# Lucid Dreaming > Attaining Lucidity > Wake Initiated Lucid Dreams (WILD) >  >  Breathing through mouth or nose?

## Puffin

I searched this topic before but found nothing of much help.

When I sleep every night, I sleep with my mouth open. I kinda drool on the pillow a bit, but that's the only way I feel like I'm getting enough oxygen. Breathing through my nose doesn't feel adequate.

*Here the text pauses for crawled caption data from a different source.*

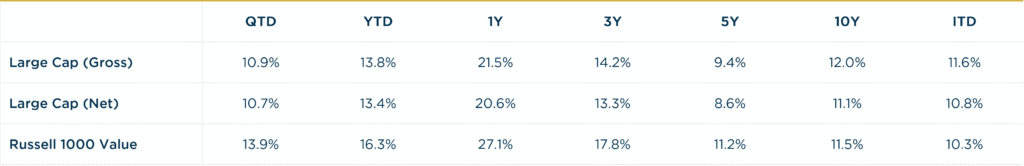 Large Cap - 2Q2026 vs R1000V Annualized Returns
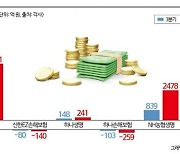 4대 금융지주 보험사, 3분기에만 5000억원 벌었다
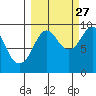 Crater Bay tide chart for Friday, September 27, 2024
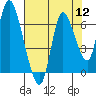 Tide chart for Knappa, Columbia River, Oregon on 2022/08/12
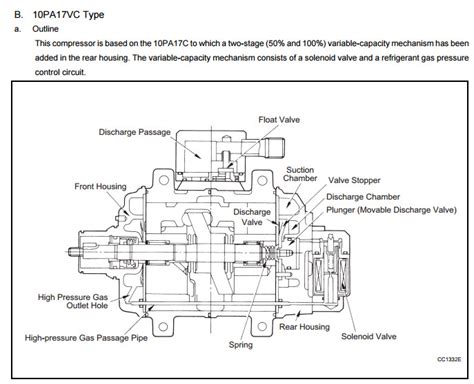 Denso Ac Compressor Parts Diagram Denso Compressor Allused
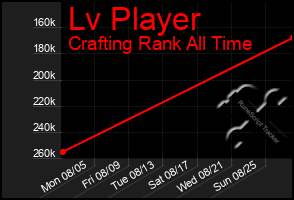 Total Graph of Lv Player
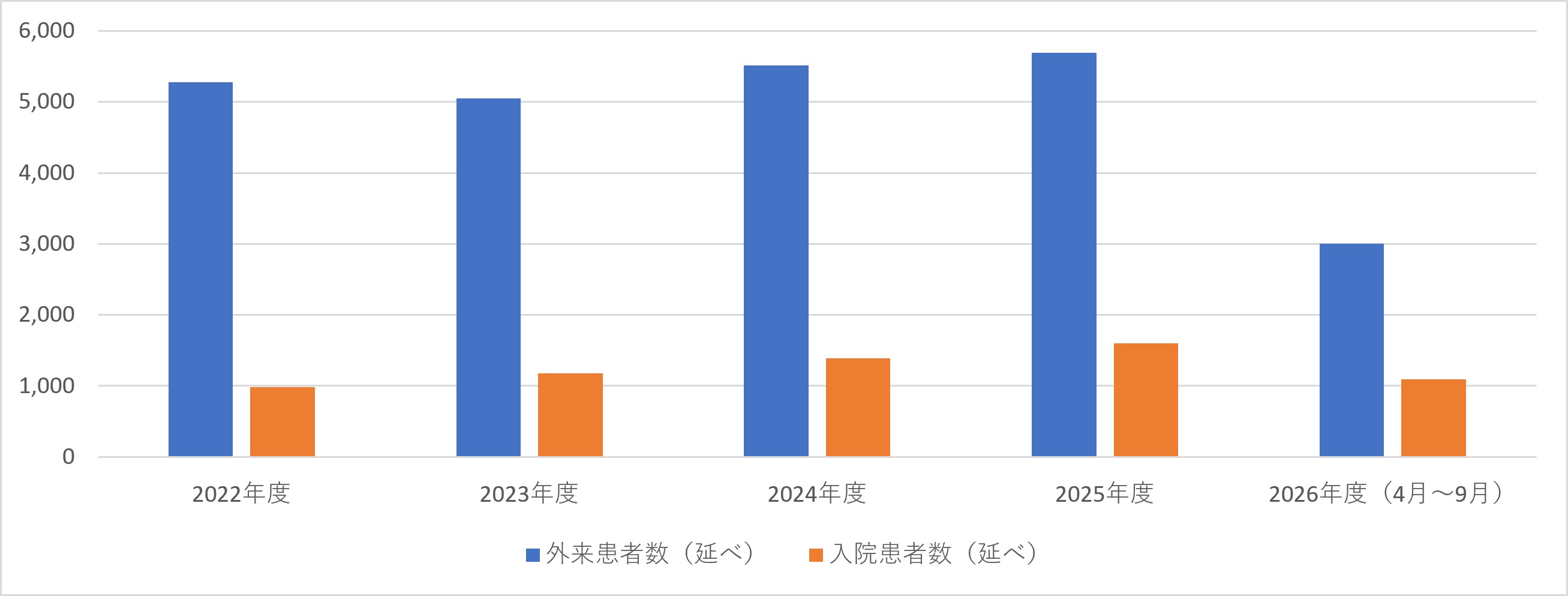 耳鼻咽喉科
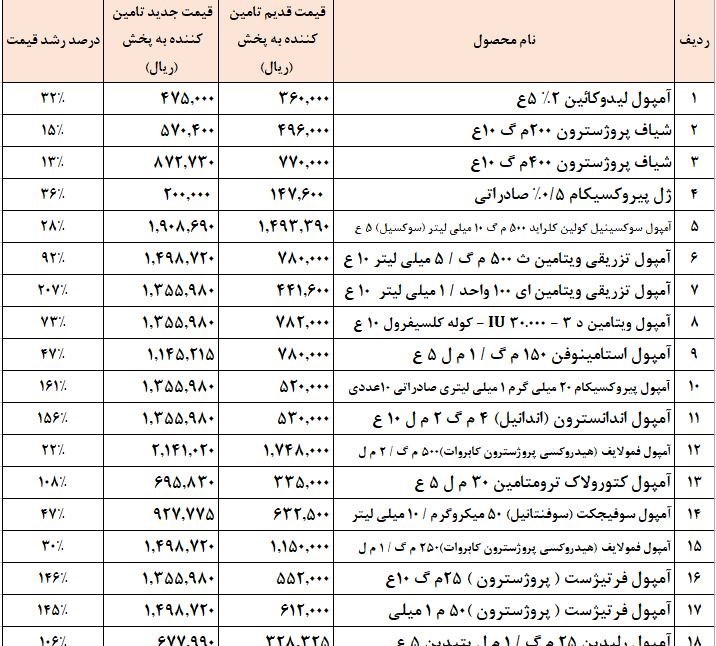 سازمان غذا و دارو , دارو , وزارت بهداشت , بهداشت و درمان , 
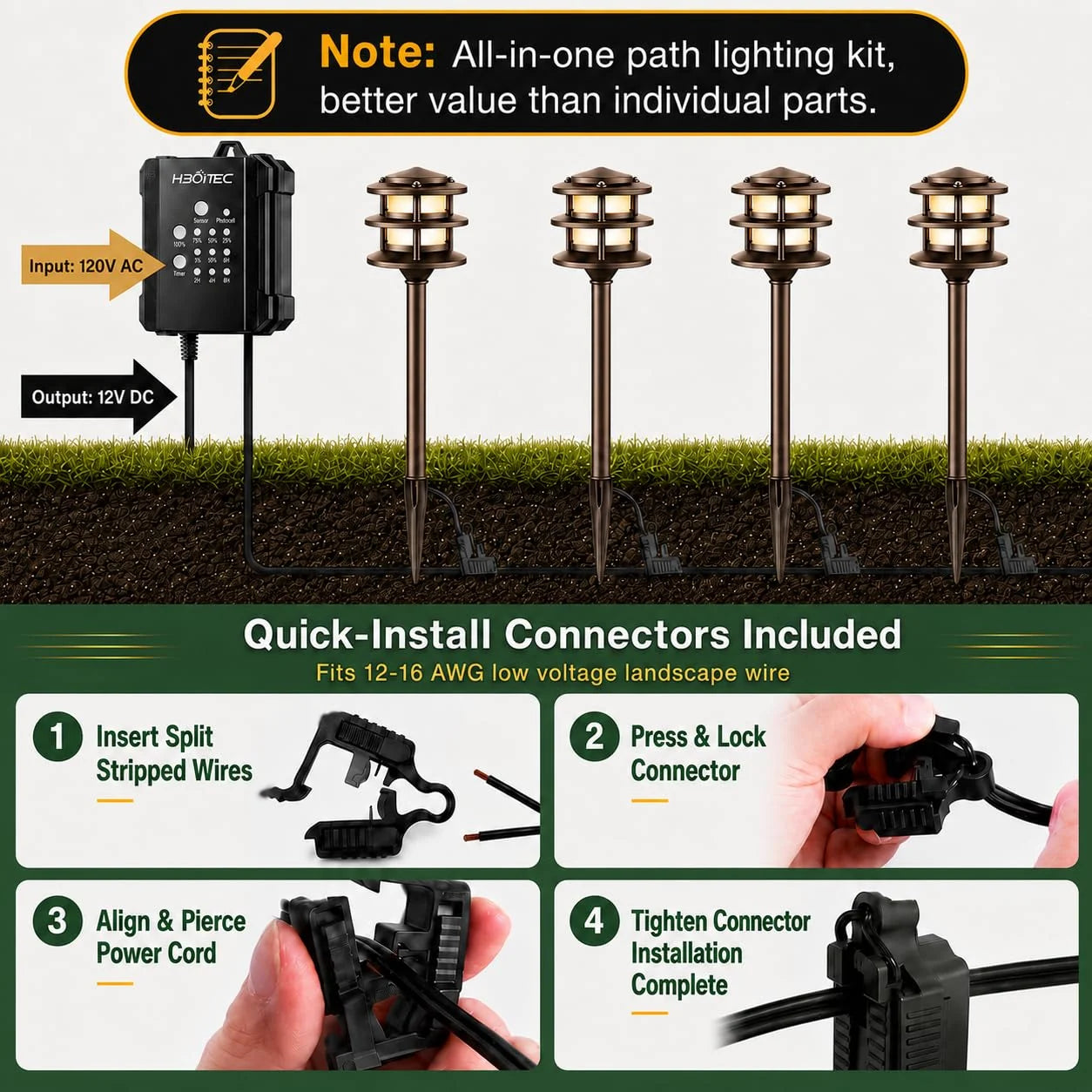 Low Voltage Pathway Lighting Kit with Replaceable G4 Bulbs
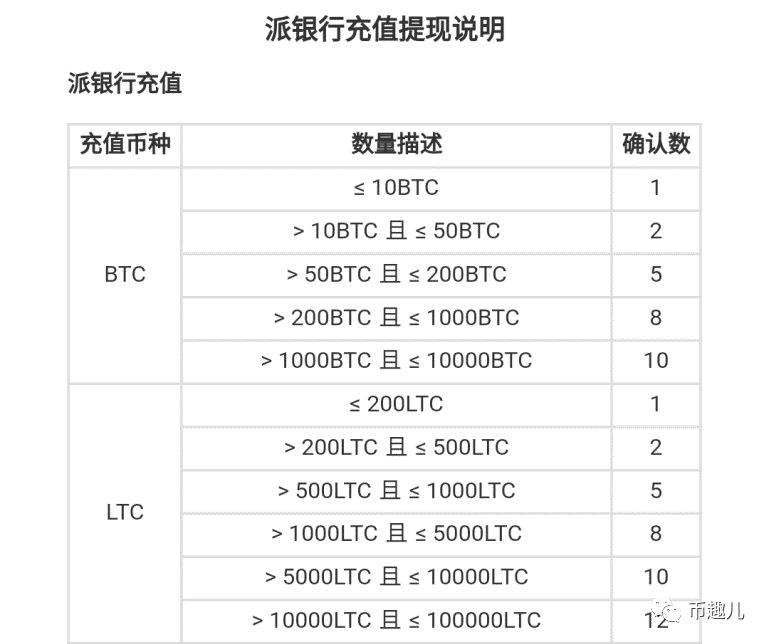 錢包app安全可靠嗎_如何在官網下載安裝imtoken錢包后的安全操作？_錢包app是干什么用的
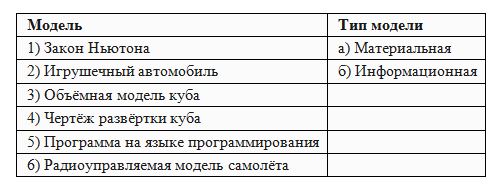 К информационной модели относятся закон ньютона географическая карта модель самолета список группы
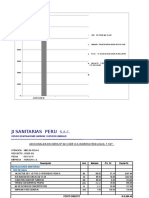 Adicionales Ica Nro 02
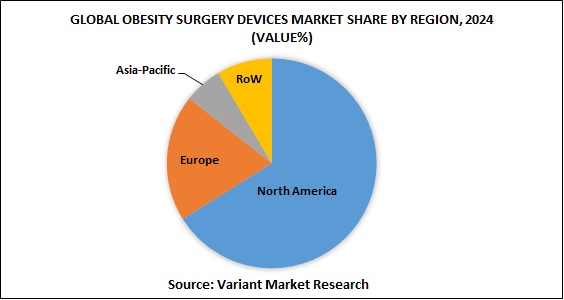 global-obesity-surgery-devices-markets-share-by-2024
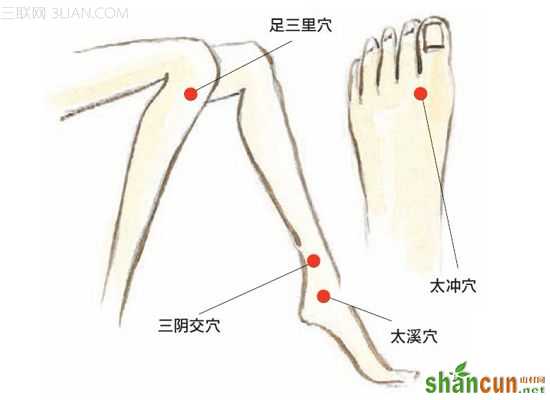 3大穴位按摩助补肾 山村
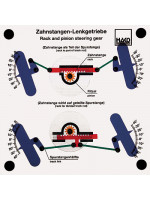 Rack and pinion steering gear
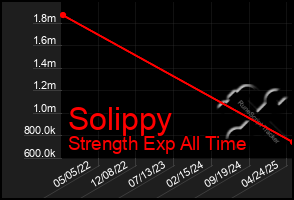 Total Graph of Solippy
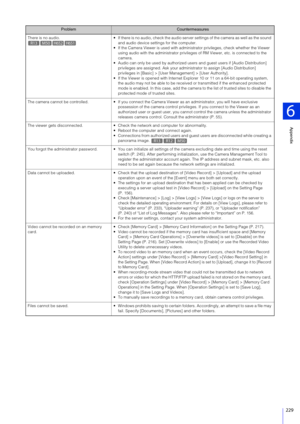 Page 229Appendix
6
229
There is no audio. If there is no audio, check the audio server settings of the camera as well as the sound 
and audio device settings for the computer.
 If the Camera Viewer is used with admini strator privileges, check whether the Viewer 
using audio with the administrator privileges of RM Viewer, etc. is connected to the 
camera.
 Audio can only be used by authorized users  and guest users if [Audio Distribution] 
privileges are assigned. As k your administrator to assign [Audio...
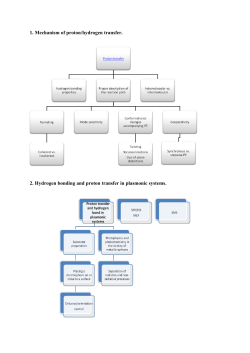 1. Mechanism of proton/hydrogen transfer. 2. Hydrogen bonding and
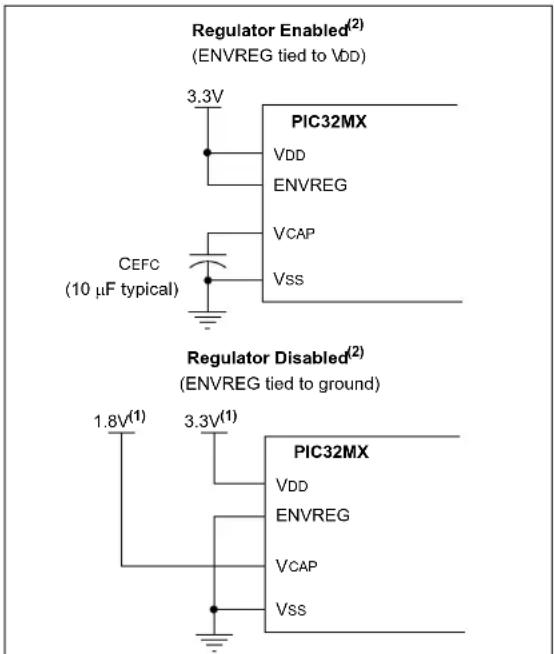 Microchip PIC32MX350F256H - PIC32MX Power Requirements - 1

When WILDing, is it easier to breathe through your nose or mouth? Or, just whatever you normally breathe through? I feel that if it's easier through your nose, I've been creating too much work for myself. After all, WILDing as is takes a good hour or so; half hour if I've been sleeping previously.

----------


## topten35

I've been practicing mainly breathing quietly through my nose but mainly, from my diaphragm.  You should try diaphragmatic breathing, its really relaxing.  I've that mouth breathing is bad, i forgot why though.

----------


## Muggler

When I've attempted to WILD, I've always breathed through my mouth. If you breathe through your noise, you have to inhale for a longer time, and when I do this I end up moving because I can't get all of the oxygen I should be. When I breathe through my mouth, I can get more oxygen quicker, without moving around at all.

----------


## Puffin

Okay. I'm the same; I get oxygen easier through my mouth. Thanks for the replies.

----------


## horsey101

Breathing through your mouth might irritate your throat due to dust and dryness. On the other hand, small price to pay for a LD.

----------


## Tara

Whatever feels more natural. You want to be as comfortable as possible, and technically, you're _trying_ to fall asleep. Do it the way you normally would. If that means breathing through your mouth, great.

----------